Below are some records. Return exactly their lines from the one containing "black lovers couple" through the one containing "Damen Bluse mit", and drop the pictures.

BEGIN Supplied entries

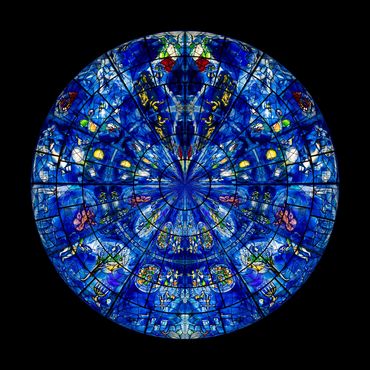 A digital manipulation of the stained glass windows in the Chicago Art Institute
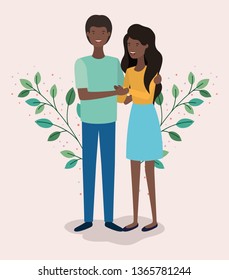 black lovers couple with leafs crown characters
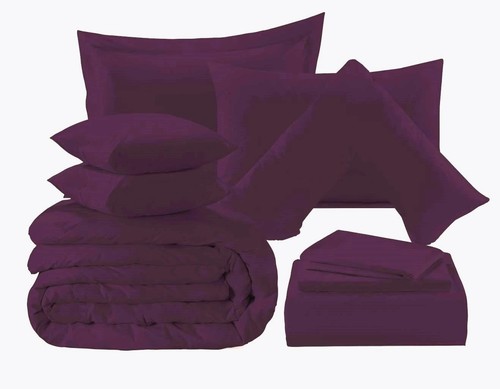 Easycare plain polycotton - easycare, plum
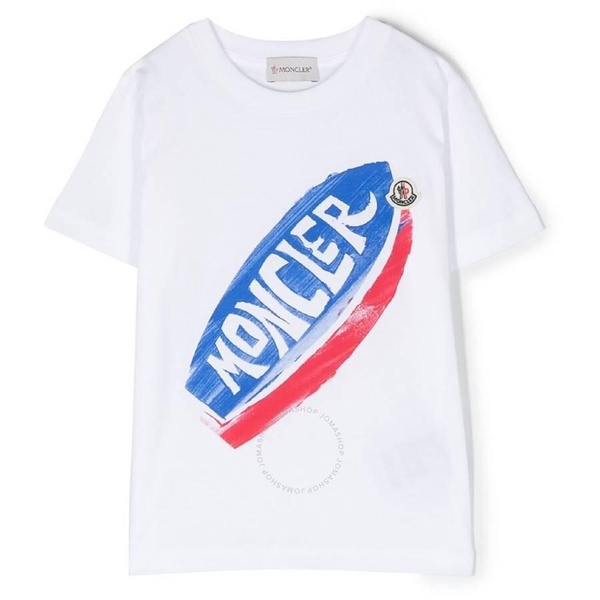 Moncler Kids Logo Print Cotton Jersey T-Shirt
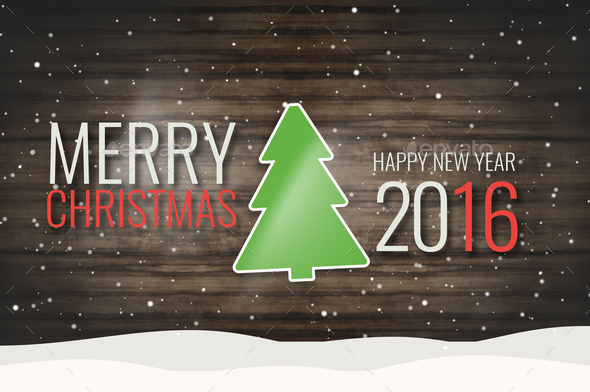 Merry Christmas Happy New Year 2016 Card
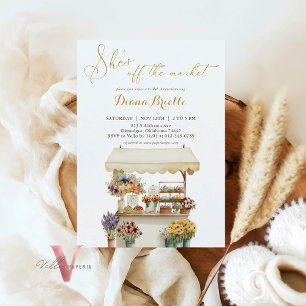 Gold She's Off the Market Bridal Shower Invitation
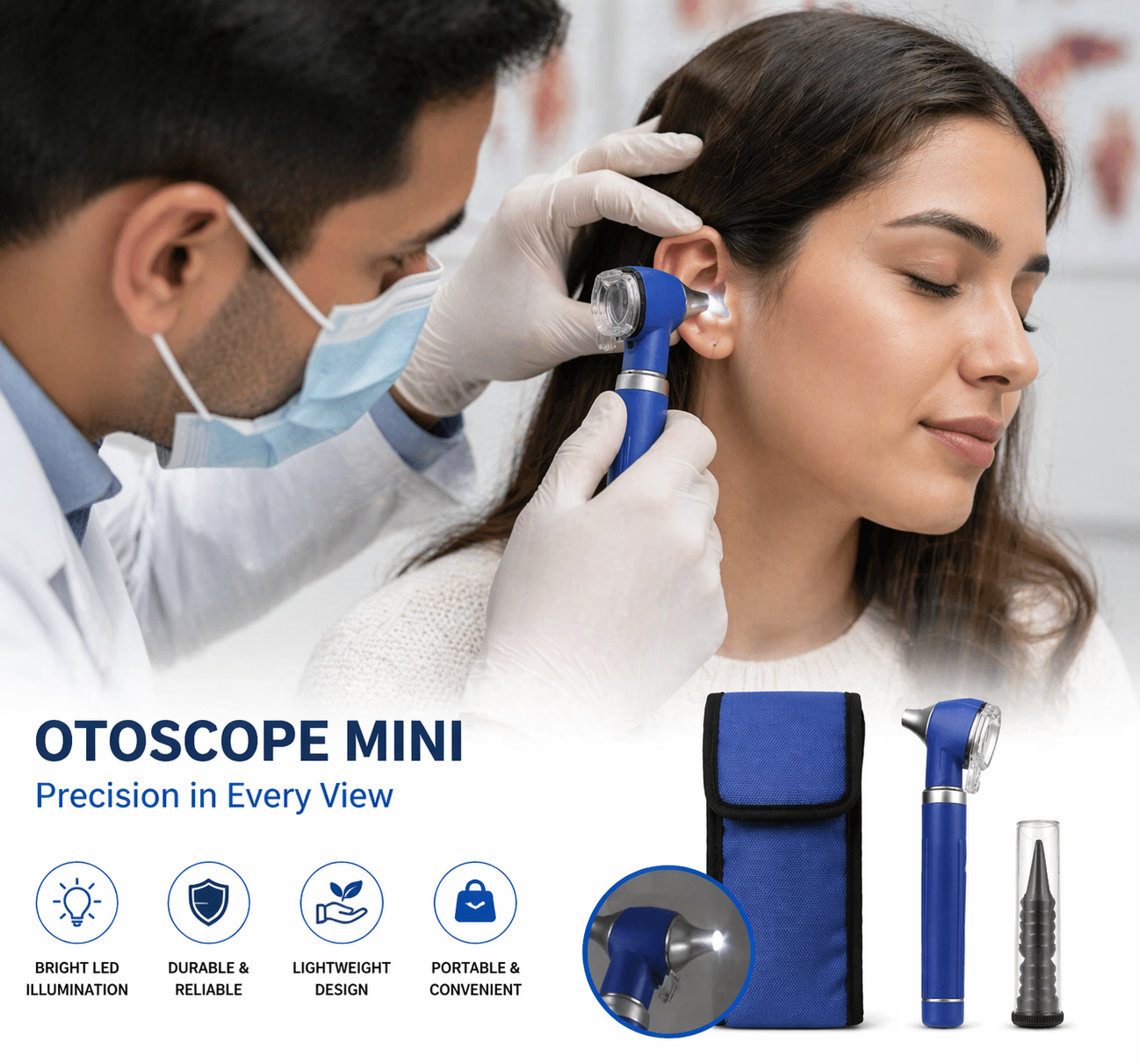 Otoscope Mini 3000 F.O. LED with Handle & Pouch
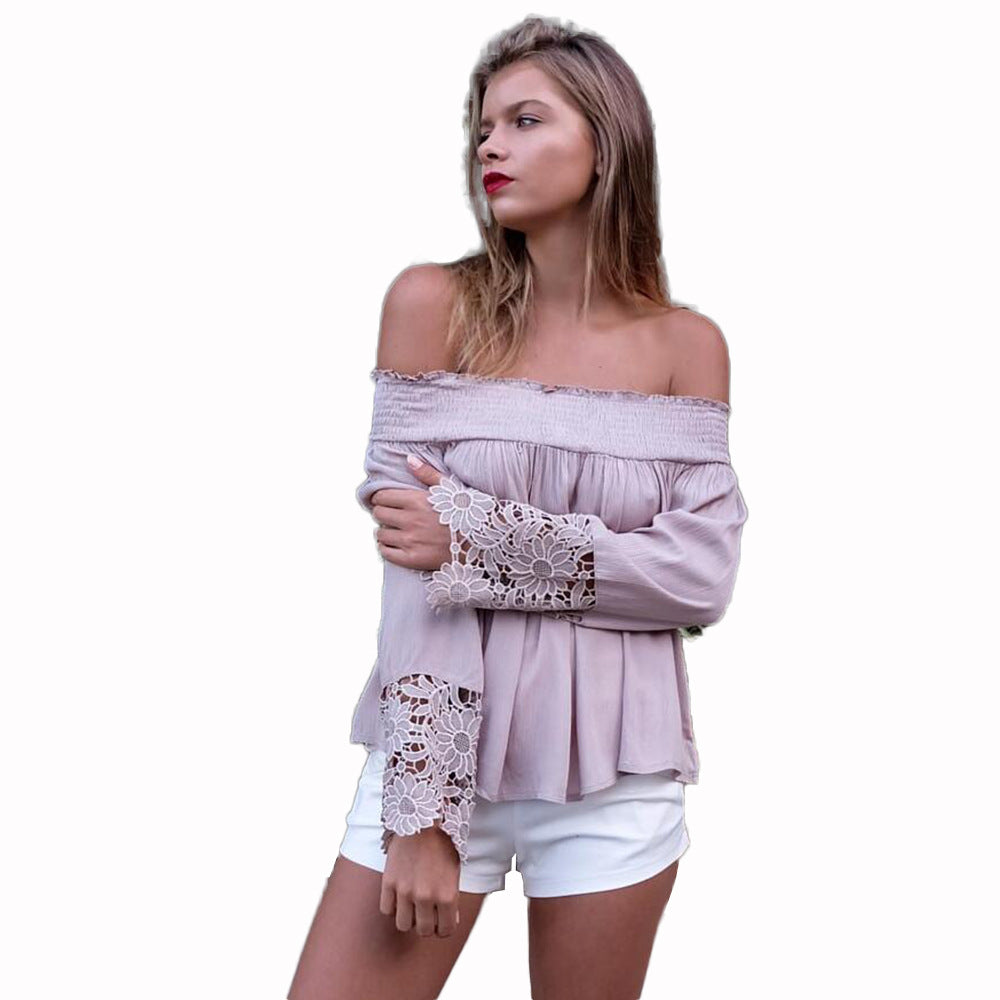 Damen Bluse mit schulterfreiem Design und floralen Spitzenärmel Drune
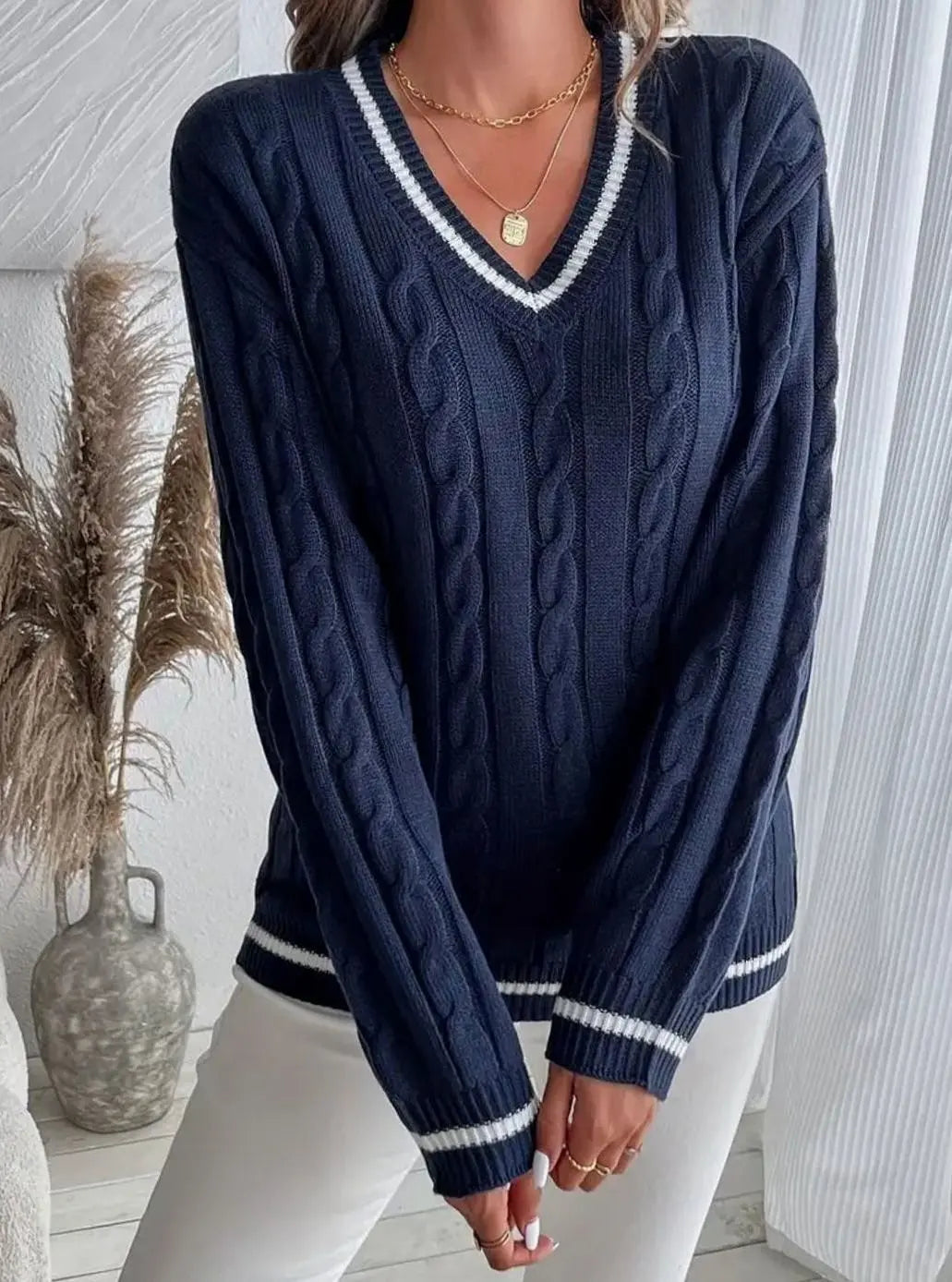 Women's V-Neck Cable Knit Jumper Striped Trim Long Sleeve
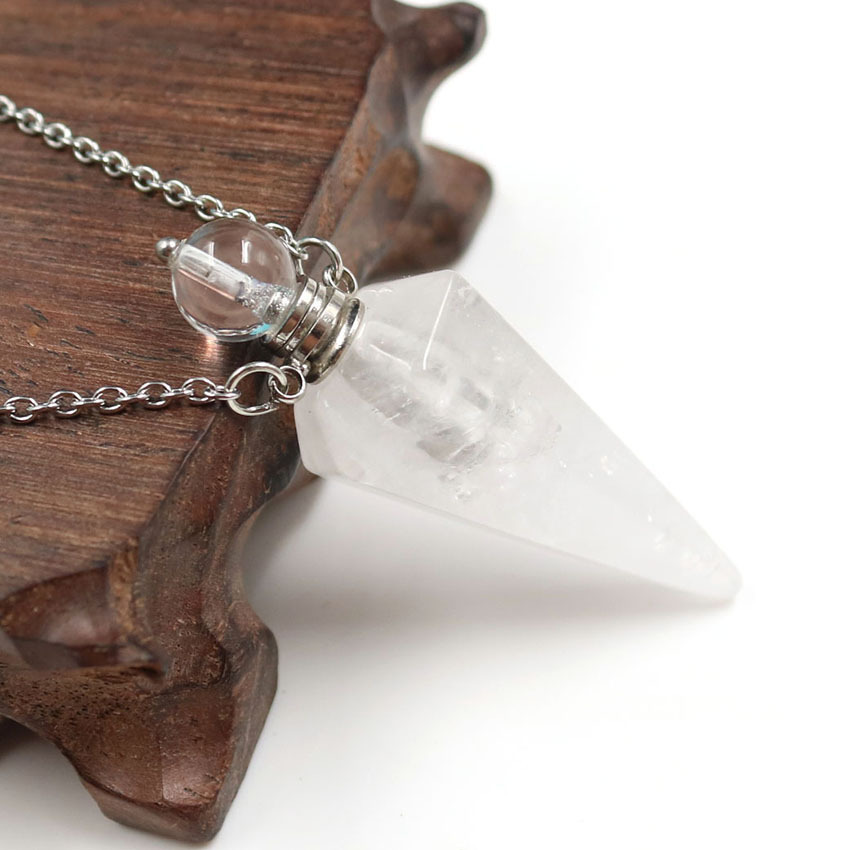 White crystal perfume bottle pendant necklace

END Supplied entries

Output of the task:
 black lovers couple with leafs crown characters
 Easycare plain polycotton - easycare, plum
 Moncler Kids Logo Print Cotton Jersey T-Shirt
 Merry Christmas Happy New Year 2016 Card
 Gold She's Off the Market Bridal Shower Invitation
 Otoscope Mini 3000 F.O. LED with Handle & Pouch
 Damen Bluse mit schulterfreiem Design und floralen Spitzenärmel Drune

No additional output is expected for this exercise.